Neben einem gut klingenden Klangerzeuger und einem leistungsfähigen Sequenzer erhält man mit der Touch-Bassline auch noch ein Audio-Interface und einen XY-MIDI-Controller. Die warmen Modeling-Sounds lassen Acid-Vibes aufkommen, auch wenn es zum Original ein paar klangliche Unterschiede gibt. Ich kenne allerdings TB-303-Besitzer, die sich die TB-3 als zusätzliche Bassline gekauft haben und begeistert sind.
Sound
Als Acid-Maschine kann die TB-3 voll überzeugen, sie ist allerdings keine exakte Soundkopie des Originals, auch wenn sie ihm sehr nahekommt. Der Basisklang der Oszillatoren ist kraftvoll, und die Eigenschaften des Original-Lowpass-Filters wurden gut nachempfunden, Aliasing-Geräusche sind auch in den hohen Lagen nicht wahrzunehmen. Das analoge Original klingt manchmal noch etwas präsenter in den oberen Mitten, die TB-3 wirkt da je nach Einstellung etwas „dunkler“. Allerdings muss man dazu sagen, dass es auch bei den Originalen, bedingt durch Bauteildifferenzen, leichte klang – liche Unterschiede gibt: Keine zwei Basslines klingen exakt gleich. In Sachen Bassdruck braucht sich die TB-3 nicht zu verstecken und ist manchen Analog-Clones wie etwa der TT-303 sogar leicht überlegen. In der Disziplin TB-303-Imitation kann die TB-3 etwa mit Propellerheads Rebirth locker mithalten. Unter den 303-fremden Klängen findet man viele gut einsetzbare, zum Teil klassische Synth Sounds. Ich hätte mir vielleicht noch ein paar Wobble-Presets gewünscht, aber die zusätzlichen Klänge sind auf jeden Fall ein echter Bonus.
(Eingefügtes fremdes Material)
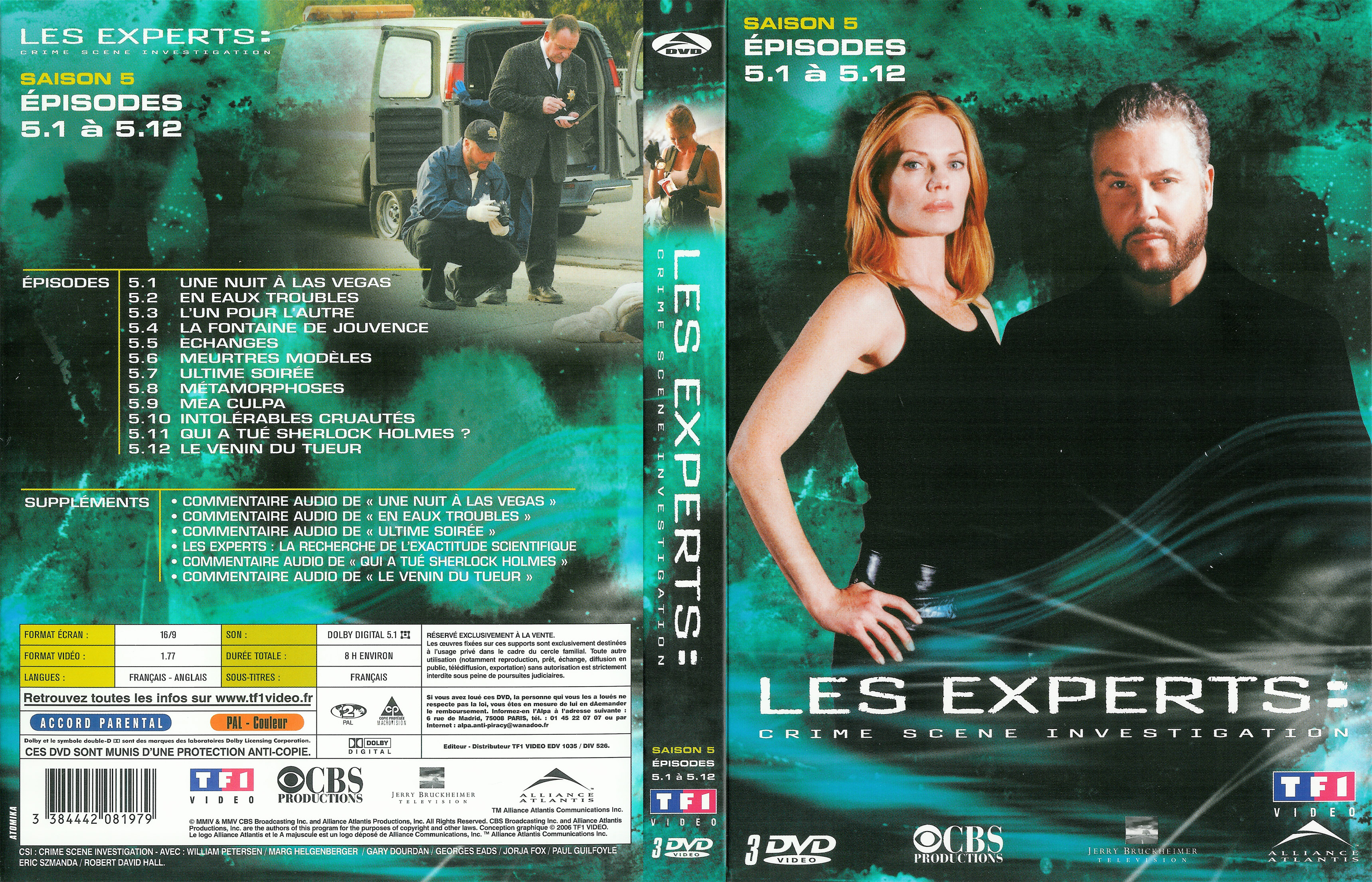 Jaquette DVD Les experts Saison 5 vol 1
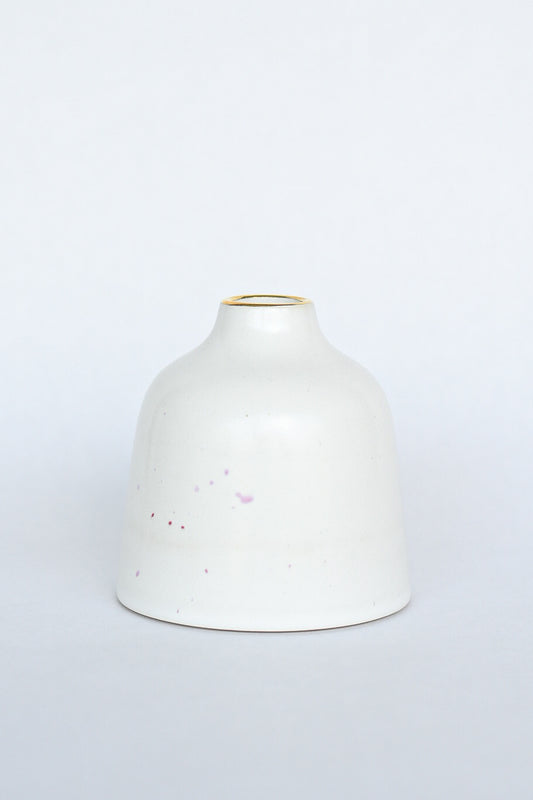 Bud Vase // White, Pink, Gold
Dank der Scatter-Funktion lassen sich auch Glitches und Ringmodulator-ähnliche Sounds erzeugen.
Praxis
Das Arbeiten mit der TB-3 macht Spaß, und dem kreativen Prozess steht keine Menü-Taucherei im Weg. Man muss sich einige wenige Tastenkombinationen merken, und los geht’s. Vor allem die Programmierung des Sequenzers ist sehr viel angenehmer als beim Original; die gezielte Modifikation von Patterns wird dank des Touchpads zum Kinderspiel. Das Gerät leistet auch als Sequenzer für externe Klangerzeuger sehr gute Dienste. Wer mal versucht hat, ein groovendes Pattern mit Slides, Ties und Akzenten in der DAW zu programmieren, wird das TB-3-Handling lieben. Nicht so schön ist die Tatsache, dass die Reglerbewegungen momentan leider nicht als MIDI-CC-Controller-Daten ausgegeben werden; hier muss noch nachgebessert werden. Über USB kann die TB-3 als Audio-Interface genutzt werden und die Sounds auch digital ausgeben. Die Voraussetzung ist allerdings, dass man die Projekteinstellungen der DAW auch auf 24 Bit/96 kHz setzt; hier sollte Roland auch andere Auflösungen (etwa 44,1 kHz) erlauben.
Fazit
Fatboy Slim hat es in seinem Song treffend formuliert: „Everybody needs a 303“. Dieses Bedürfnis kann nun dank des niedrigen TB-3-Straßenpreises von knapp unter 300 Euro befriedigt werden, das Gerät könnte eine echte „Volks- 303“ werden. Der TB-3 wurde zum Glück ein janusköpfiges Konzept verpasst, d. h., man schaut nicht nur zurück, sondern auch in die Zukunft. Dank des gelungenen Bedienkonzepts ist die TB-3 ein inspirierendes Tool, das weit mehr ist als eine bloße 303-Imitation.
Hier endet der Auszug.